The case is remanded for a determination of the hours during which legal informational picketing can be carried on and for modification of the injunction in accordance with those findings.
My difficulty with the present case derives from the unusual provisions of the second proviso of Section 704(c) of the Labor-Management Reporting and Disclosure Act of 1959, 29 U.S.C.A. § 158(b)(7)(C). The second proviso permits a union to picket without recourse to the provisions of Section 9(c) of the Amended Labor Relations Act, 29 U.S.C.A. § 159(c) where the purpose of such picketing is that of "* * * truthfully advising the public (including consumers) that an employer does not employ members of, or have a contract with, a labor organization * * *" However, this permission is subject to the caveat contained in the clause that immediately follows: "* * * unless an effect of such picketing is to induce any individual employed by any other person in the course of his employment, not to pick up, deliver or transport any goods or not to perform any services."
It is possible to read this "unless" clause as automatically converting permissible informational picketing into an unfair labor practice if any worker, employed by another person, should ever refuse to serve the picketed premises. When the statute is thus interpreted the objective of the picketing union becomes irrelevant. The interpretation emphasizes the word "effect," and, as I read their opinion, is the interpretation which my colleagues accept.

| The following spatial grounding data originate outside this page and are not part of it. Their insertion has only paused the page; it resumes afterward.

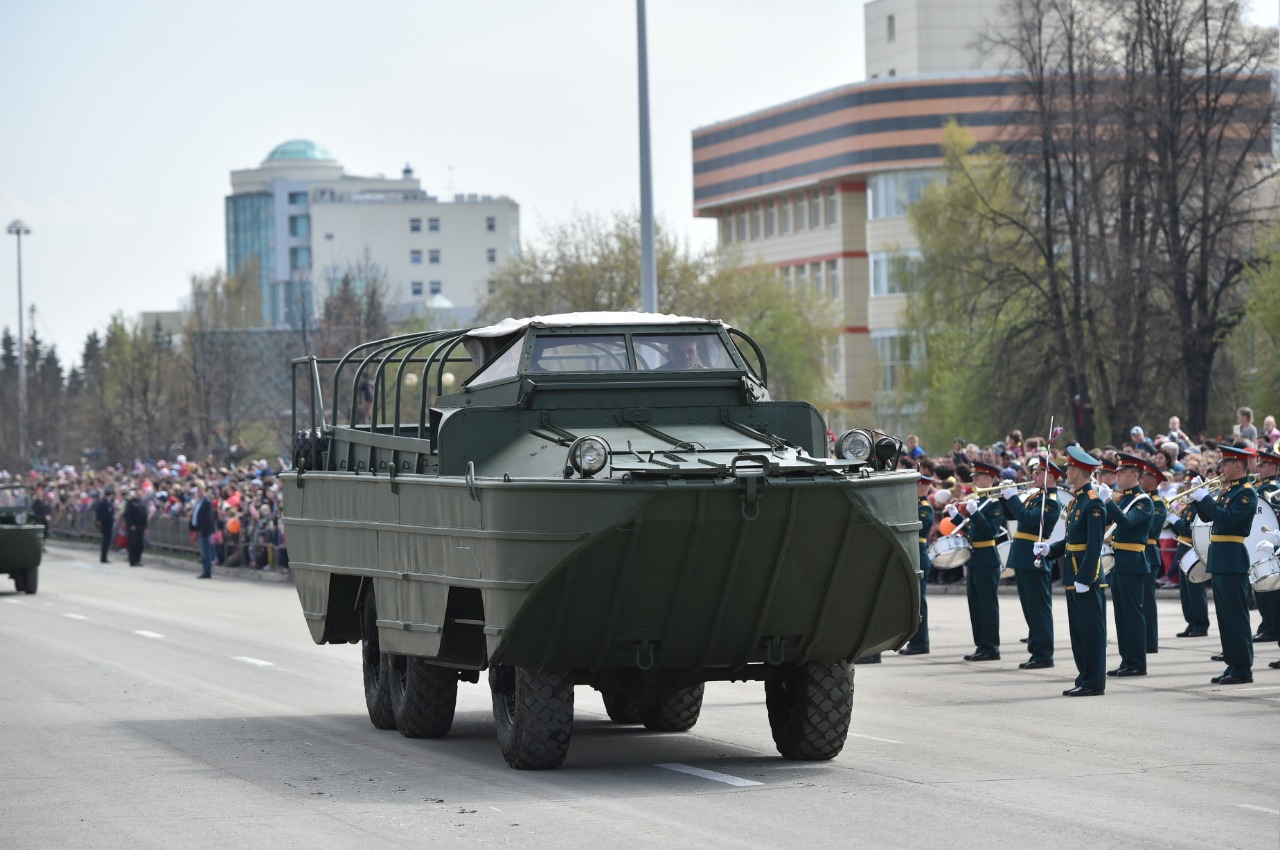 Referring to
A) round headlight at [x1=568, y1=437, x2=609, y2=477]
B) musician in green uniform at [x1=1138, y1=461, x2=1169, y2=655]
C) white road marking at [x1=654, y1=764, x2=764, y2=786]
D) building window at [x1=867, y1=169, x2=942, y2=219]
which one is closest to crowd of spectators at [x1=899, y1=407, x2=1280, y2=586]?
musician in green uniform at [x1=1138, y1=461, x2=1169, y2=655]

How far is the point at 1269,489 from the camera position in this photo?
19.1 meters

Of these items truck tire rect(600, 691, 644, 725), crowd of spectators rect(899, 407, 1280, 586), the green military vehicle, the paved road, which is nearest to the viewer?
the paved road

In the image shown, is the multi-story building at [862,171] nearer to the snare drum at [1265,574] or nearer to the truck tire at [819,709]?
the snare drum at [1265,574]

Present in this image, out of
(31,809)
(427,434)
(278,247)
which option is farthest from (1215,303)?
(278,247)

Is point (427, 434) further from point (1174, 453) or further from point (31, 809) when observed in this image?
point (1174, 453)

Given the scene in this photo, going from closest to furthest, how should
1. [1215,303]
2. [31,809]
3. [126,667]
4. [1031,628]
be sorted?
[31,809], [1031,628], [126,667], [1215,303]

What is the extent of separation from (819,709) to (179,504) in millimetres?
40933

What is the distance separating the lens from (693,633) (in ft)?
39.3

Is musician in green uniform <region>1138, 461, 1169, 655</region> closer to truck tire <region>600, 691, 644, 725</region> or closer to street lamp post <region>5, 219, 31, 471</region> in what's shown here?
truck tire <region>600, 691, 644, 725</region>

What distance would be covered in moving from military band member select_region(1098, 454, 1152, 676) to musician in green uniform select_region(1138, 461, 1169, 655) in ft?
0.42

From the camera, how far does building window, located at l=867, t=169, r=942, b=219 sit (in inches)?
3612

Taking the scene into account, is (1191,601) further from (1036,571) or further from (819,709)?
(819,709)

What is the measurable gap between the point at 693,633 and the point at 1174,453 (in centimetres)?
1298

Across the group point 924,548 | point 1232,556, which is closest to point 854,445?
→ point 1232,556
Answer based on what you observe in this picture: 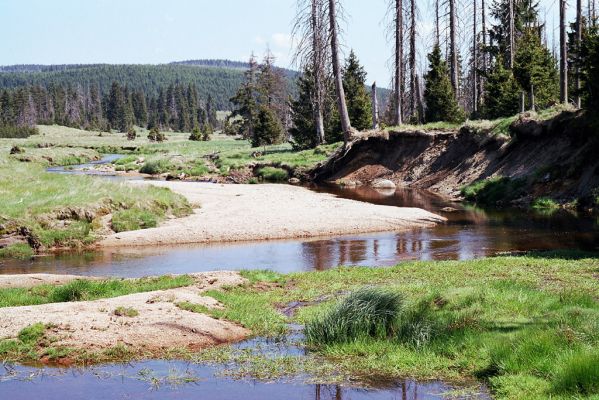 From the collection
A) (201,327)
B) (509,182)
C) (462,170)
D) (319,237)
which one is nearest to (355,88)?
(462,170)

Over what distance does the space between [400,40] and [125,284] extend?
35.4 metres

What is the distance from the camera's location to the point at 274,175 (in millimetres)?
46844

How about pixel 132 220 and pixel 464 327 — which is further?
pixel 132 220

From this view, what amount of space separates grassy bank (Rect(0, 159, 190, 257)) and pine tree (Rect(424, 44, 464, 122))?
A: 28592mm

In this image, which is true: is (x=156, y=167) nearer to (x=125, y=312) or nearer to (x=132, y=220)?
(x=132, y=220)

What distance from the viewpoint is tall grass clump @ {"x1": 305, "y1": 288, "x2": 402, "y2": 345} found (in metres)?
10.3

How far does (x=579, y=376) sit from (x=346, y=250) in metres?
14.6

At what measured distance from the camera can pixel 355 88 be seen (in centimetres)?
6044

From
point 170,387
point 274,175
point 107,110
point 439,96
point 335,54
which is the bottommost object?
point 170,387

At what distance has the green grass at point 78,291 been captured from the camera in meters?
13.5

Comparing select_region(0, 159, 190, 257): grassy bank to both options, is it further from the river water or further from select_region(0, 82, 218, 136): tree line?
select_region(0, 82, 218, 136): tree line

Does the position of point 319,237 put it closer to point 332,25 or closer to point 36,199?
point 36,199

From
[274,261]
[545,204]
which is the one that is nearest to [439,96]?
[545,204]

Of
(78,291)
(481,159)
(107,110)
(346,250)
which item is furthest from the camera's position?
(107,110) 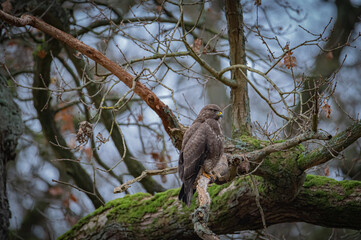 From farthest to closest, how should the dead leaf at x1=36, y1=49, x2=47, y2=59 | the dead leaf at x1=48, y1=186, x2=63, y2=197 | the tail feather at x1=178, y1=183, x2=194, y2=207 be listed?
the dead leaf at x1=48, y1=186, x2=63, y2=197 < the dead leaf at x1=36, y1=49, x2=47, y2=59 < the tail feather at x1=178, y1=183, x2=194, y2=207

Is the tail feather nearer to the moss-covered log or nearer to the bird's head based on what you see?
the moss-covered log

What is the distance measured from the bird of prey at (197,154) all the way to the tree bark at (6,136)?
104 inches

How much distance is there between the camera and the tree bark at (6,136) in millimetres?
5574

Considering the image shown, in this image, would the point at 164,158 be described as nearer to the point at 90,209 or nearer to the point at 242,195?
the point at 242,195

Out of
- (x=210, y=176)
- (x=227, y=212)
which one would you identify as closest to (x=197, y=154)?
(x=210, y=176)

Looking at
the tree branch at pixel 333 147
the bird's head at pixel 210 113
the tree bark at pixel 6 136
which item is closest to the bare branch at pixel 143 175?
the bird's head at pixel 210 113

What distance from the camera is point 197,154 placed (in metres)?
4.70

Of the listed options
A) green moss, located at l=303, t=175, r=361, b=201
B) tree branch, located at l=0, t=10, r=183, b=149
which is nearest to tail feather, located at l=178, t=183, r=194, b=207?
tree branch, located at l=0, t=10, r=183, b=149

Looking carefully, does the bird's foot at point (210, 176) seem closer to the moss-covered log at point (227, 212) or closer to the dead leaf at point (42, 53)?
the moss-covered log at point (227, 212)

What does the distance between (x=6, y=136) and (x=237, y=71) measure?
136 inches

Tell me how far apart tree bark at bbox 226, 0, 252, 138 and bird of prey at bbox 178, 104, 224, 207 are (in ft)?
1.86

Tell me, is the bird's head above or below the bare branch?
above

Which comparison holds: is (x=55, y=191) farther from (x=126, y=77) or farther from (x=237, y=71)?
(x=237, y=71)

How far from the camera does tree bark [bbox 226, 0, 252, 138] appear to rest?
5.41m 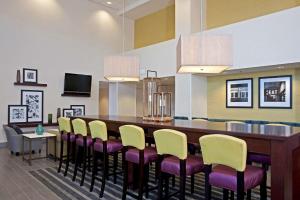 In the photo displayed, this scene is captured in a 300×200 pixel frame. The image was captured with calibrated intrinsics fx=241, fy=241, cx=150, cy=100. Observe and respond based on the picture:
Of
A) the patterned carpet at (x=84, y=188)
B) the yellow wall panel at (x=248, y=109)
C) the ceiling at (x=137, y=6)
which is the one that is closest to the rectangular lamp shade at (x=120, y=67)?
the patterned carpet at (x=84, y=188)

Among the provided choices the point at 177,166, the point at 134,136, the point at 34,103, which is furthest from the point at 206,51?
the point at 34,103

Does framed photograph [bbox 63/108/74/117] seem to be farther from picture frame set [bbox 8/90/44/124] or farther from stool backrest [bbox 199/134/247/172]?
stool backrest [bbox 199/134/247/172]

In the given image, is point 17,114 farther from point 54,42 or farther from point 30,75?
point 54,42

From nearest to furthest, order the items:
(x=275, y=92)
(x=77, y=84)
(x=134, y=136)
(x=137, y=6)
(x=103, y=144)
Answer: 1. (x=134, y=136)
2. (x=103, y=144)
3. (x=275, y=92)
4. (x=77, y=84)
5. (x=137, y=6)

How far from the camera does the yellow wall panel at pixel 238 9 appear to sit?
19.7 feet

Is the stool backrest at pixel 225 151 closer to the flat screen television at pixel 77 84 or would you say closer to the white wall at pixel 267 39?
the white wall at pixel 267 39

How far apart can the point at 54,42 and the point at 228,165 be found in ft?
24.4

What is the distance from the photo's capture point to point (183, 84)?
7.13 m

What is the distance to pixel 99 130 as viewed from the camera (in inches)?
133

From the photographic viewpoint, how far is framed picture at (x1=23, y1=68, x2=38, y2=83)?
7.28 m

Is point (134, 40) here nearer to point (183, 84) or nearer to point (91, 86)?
point (91, 86)

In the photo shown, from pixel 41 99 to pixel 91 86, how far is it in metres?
1.83

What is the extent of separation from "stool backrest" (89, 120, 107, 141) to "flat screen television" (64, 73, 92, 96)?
5.02 metres

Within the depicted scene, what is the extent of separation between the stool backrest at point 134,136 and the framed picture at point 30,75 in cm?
554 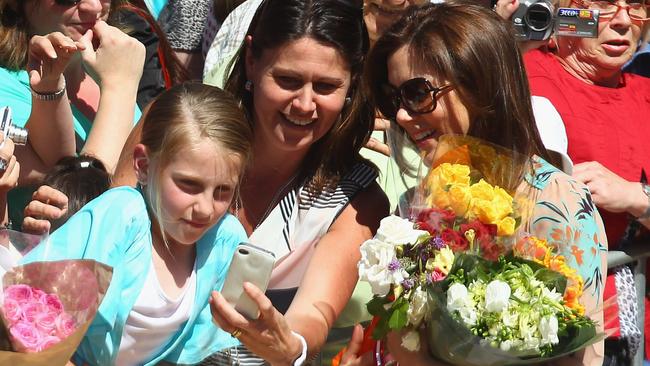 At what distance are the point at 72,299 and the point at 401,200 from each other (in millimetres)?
1123

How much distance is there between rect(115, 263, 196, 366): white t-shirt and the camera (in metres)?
3.62

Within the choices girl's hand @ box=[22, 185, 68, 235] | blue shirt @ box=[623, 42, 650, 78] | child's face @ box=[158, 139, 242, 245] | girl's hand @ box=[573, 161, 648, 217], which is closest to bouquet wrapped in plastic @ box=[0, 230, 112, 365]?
child's face @ box=[158, 139, 242, 245]

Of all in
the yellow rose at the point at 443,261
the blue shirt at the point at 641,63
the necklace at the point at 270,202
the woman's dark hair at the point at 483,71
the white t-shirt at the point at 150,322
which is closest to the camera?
the yellow rose at the point at 443,261

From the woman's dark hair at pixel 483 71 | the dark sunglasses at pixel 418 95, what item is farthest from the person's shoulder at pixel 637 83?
the dark sunglasses at pixel 418 95

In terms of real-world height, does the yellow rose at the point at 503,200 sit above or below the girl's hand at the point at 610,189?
above

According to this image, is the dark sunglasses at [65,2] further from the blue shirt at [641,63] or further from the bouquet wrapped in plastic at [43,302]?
the blue shirt at [641,63]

However, by emphasizing the word "induce" instead of the word "effect" it is possible to reach a different interpretation, for then it is arguable that Congress intended something more than a simple cause-and-effect relationship, and intended that the effect be one purposed by the picketing union. In support of this second suggested interpretation one should note that it has been held heretofore that only if the picketing is for an unlawful objective will peaceful picketing be an unfair labor practice. International Brotherhood of Electrical Workers v. N.L.R.B., 1951, 341 U.S. 694, 699-706, 71 S.Ct. 954, 95 L.Ed. 1299; N.L.R.B. v. Local 50, Bakery Confectionery Workers, 2 Cir., 1957, 245 F.2d 542, 548. Absent an unlawful objective, a statutory restraint of peaceful picketing could raise constitutional questions. See Thornhill v. State of Alabama, 1940, 310 U.S. 88, 60 S.Ct. 736, 84 L.Ed. 1093.
But even if the first interpretation is to be accepted, there could well be implied exceptions to the sweep of this statute. For example, I think it clear that, in the present posture of this case, we are required to assume that the picketing began as a result of the employer's initial unfair labor practice; and it is also evident that this picketing began prior to the passage of the 1959 Act my colleagues are construing.
Nevertheless, I do not believe that at this time we should resolve the ambiguities of Section 8(b)(7)(C). The Petitioner only seeks temporary relief. Though the Board's regional director may have construed the section, the Board has not, and I believe it should be given an opportunity to do so. Cf. Douds v. Milk Drivers and Dairy Employees Union Local 584, 2 Cir., 1957, 248 F.2d 534, 538; Retail, Wholesale Dept. Store Union v. Rains, 5 Cir., 1959, 266 F.2d 503, 505-506.
Therefore I concur in the result reached by my colleagues.